Freebase Meets Materialize 2: The Data

Last post, I introduced the idea of using Materialize to implement fast reads of highly normalized Freebase data for an API endpoint. Today, we start by downloading the data and doing a bit of preprocessing.

1.9 Billion Triples #

The final public copy of the Freebase data can be downloaded at https://developers.google.com/freebase/. It’s a 22 GB gzip (250 GB uncompressed) of N-Triples, which is a text-based data format with a spec and everything. Each line is a <subject, predicate, object> triple and according to this page, there are 1.9 billion of them.

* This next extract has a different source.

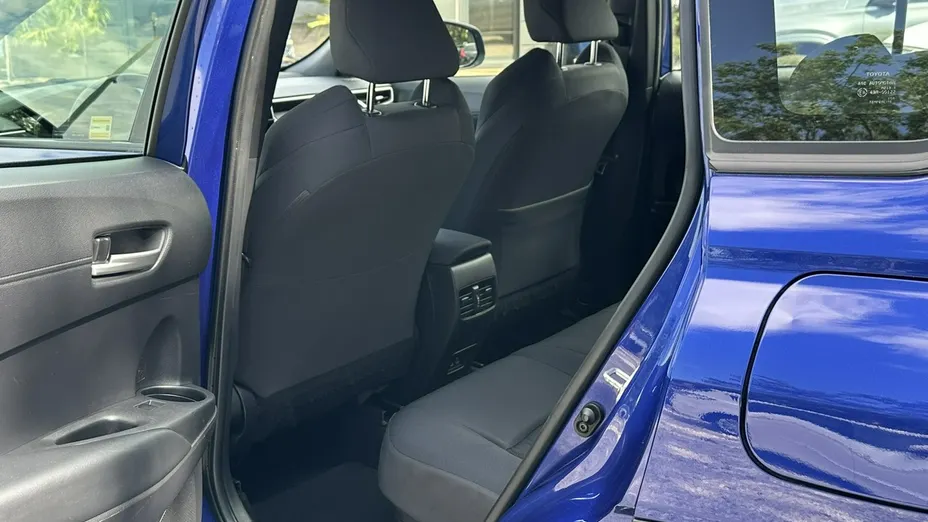 TOYOTA Corolla Cross -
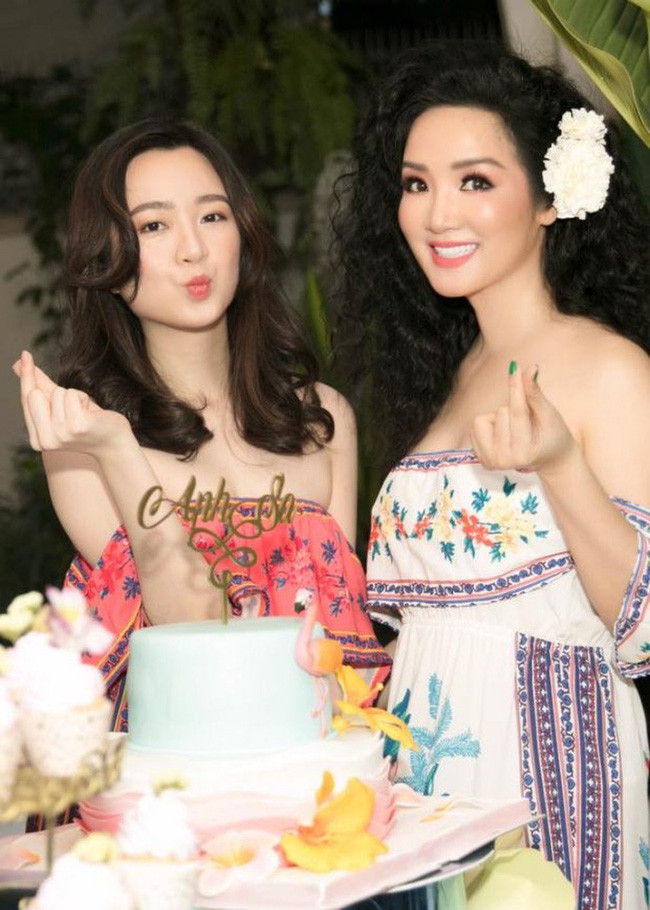 Lạ kỳ 3 nàng hậu độc nhất vô nhị, không thể có bản sao trong lịch sử gần 70 năm các kỳ nhan sắc Việt - Ảnh 5. Lạ kỳ 3 nàng hậu độc nhất vô nhị, không thể có bản sao trong lịch sử gần 70 năm các kỳ nhan sắc Việt - Ảnh 5.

In the interest of fast iteration, I’d like to start with something that comfortably fits in memory. Before we can trim down the data, we have to look at how it’s structured.

Structure of Freebase Data #

This is all better explained by the since-removed [API documentation] (thank you Internet Archive), but I’ll go over a bit of it.

Freebase data is a structured representation of things and relationships between those things. In this case, “things” includes concrete stuff like people, films, and music but also more nebulous concepts like love (which can be the topic of a book) plus really anything with a page in Wikipedia. The things are called topics and each has a stable unique identifier. Most of these IDs look like http://rdf.freebase.com/ns/m.09r8m05 (what Freebase calls a MID). The interesting part of this is the last bit (m.09r8m05) which is a base-32 encoded integer. The m can also be a g for reasons. Some things in Freebase use a more human readable ID that looks like http://rdf.freebase.com/ns/film.film. (I think the human readable ones also have a corresponding MID, but it’s been a while and I’m not sure.)

Each line in the data represents a 3-tuple of subject, predicate, and object. I personally understand this best with some examples (IDs shortened for clarity):

<.../m.09r8m05> <.../type.object.name> "Erica Albright"@en

Here m.09r8m05 is the ID of the character Erica Albright in the 2010 film The Social Network. This tuple expresses the name of the character in English. This m.09r8m05 topic also has a type (in fact it has multiple), which tells you what sort of thing it is:

<.../m.09r8m05> <.../type.object.type> <.../common.topic>
<.../m.09r8m05> <.../type.object.type> <.../film.film_character>

Here film.film_character is mostly self-explanatory and common.topic is the most general topic type. It roughly corresponds to anything that could have an entry in Wikipedia (ignoring Wikipedia’s notability requirement).

When something (like m.09r8m05) has a type (like film.film_character) it receives the ability to have the sorts of relationships granted by the type. Said another way, getting typed as film.film_character opens up some new predicates for use with m.09r8m05. The interesting thing about the predicates is that they also get IDs and information about them is also stored in Freebase, meaning that the schema of the data is stored in the data itself.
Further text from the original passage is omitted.